News  

PMII Nilai UU Cipta Kerja Cacat Formil dan Material, Ini Alasannya

Ketua Umum Pergerakan Mahasiswa Islam Indonesia (PB PMII) Agus M Herlambang mengkritik draf UU Cipta Kerja yang masih dalam proses finalisasi naskah padahal sudah resmi disahkan DPR pada Senin malam 5 Oktober 2020.

Selain itu, terdapat isu lainnya yang mengatakan UU Cipta Kerja belum selesai di tahap timmus dan juga pembicaraan tingkat I.

“Disahkannya UU Cipta Kerja terlihat sangat buru-buru, dari mulai tertutup pembahasan UU Cipta Kerja di masa pandemic, dimasukannya sidang paripurna sampai saat sudah disahkan naskah UU Cipta Kerja masih difinalisasi yang konon katanya takut ada typo.”

“Dari sini saja terlihat UU Cipta Kerja cacat formil.
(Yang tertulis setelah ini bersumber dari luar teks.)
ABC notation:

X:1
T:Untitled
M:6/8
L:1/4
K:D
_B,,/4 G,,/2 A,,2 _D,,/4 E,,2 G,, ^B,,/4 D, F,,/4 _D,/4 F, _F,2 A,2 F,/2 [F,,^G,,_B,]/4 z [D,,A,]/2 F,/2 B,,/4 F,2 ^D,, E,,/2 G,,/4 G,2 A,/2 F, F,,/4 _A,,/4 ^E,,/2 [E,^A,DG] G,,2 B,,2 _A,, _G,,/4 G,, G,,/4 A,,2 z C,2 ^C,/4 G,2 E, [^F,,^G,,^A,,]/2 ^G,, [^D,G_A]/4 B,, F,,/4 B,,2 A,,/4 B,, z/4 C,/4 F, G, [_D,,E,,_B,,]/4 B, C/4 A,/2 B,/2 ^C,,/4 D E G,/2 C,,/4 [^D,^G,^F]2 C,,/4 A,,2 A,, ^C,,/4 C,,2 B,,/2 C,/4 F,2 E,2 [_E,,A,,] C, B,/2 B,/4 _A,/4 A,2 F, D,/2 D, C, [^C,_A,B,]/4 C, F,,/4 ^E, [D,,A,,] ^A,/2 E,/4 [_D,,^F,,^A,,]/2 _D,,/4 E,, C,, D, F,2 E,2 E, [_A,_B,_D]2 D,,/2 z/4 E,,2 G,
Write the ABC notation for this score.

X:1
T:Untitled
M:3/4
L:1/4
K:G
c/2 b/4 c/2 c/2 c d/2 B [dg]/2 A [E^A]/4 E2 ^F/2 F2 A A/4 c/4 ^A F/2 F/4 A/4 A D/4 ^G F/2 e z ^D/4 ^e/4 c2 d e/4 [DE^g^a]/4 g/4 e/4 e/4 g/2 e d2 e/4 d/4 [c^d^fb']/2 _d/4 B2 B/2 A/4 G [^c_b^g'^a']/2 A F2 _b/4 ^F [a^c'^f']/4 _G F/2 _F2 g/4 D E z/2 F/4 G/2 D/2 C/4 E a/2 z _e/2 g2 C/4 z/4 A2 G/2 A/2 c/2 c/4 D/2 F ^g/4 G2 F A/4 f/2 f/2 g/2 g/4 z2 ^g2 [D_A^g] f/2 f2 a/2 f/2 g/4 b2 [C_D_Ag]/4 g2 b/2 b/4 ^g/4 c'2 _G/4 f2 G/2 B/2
Semoga saja tidak mengubah secara diam-diam pasal-pasal yang telah ada sebelumnya.,” kata Agus, Minggu (11/10/2020).

Agus menjelaskan undang-undang yang disahkan secara buru-buru tidak sesuai dengan kebutuhan hukum dan cenderung merugikan masyarakat, serta dapat dianggap sebagai cacat hukum formil dan material.

Diketahui, lebih lanjut, cacat material berkaitan dengan subtansi UU sedangkat cacat formil berkaitan dengan prosedur pembuatan UU.

“Sungguh luar biasa UU Cipta Kerja yang hampir seribu halaman itu cukup singkat pembahasannya di DPR, dan disahkan dengan begitu cepat. Alhasil draf UU Cipta Kerja setelah disahkan masih harus difinalisasi bahkan anggota DPR pun belum menerima draf UU Cipta Kerja,” tuturnya.

Agus mengatakan UU Cipta Kerja tidak menciptakan birokrasi pemerintahan yang baik atau good governance.

Sebab, untuk mewujudkan itu, UU Cipta Kerja harus memenuhi asas-asas umum pemerintahan yang baik, yakni kepastian hukum, kemanfataan, ketidakberpihakan, kecermatan, tidak menyalahgunakan wewenang, keterbukaan, kepentingan umum dan pelayanan yang baik.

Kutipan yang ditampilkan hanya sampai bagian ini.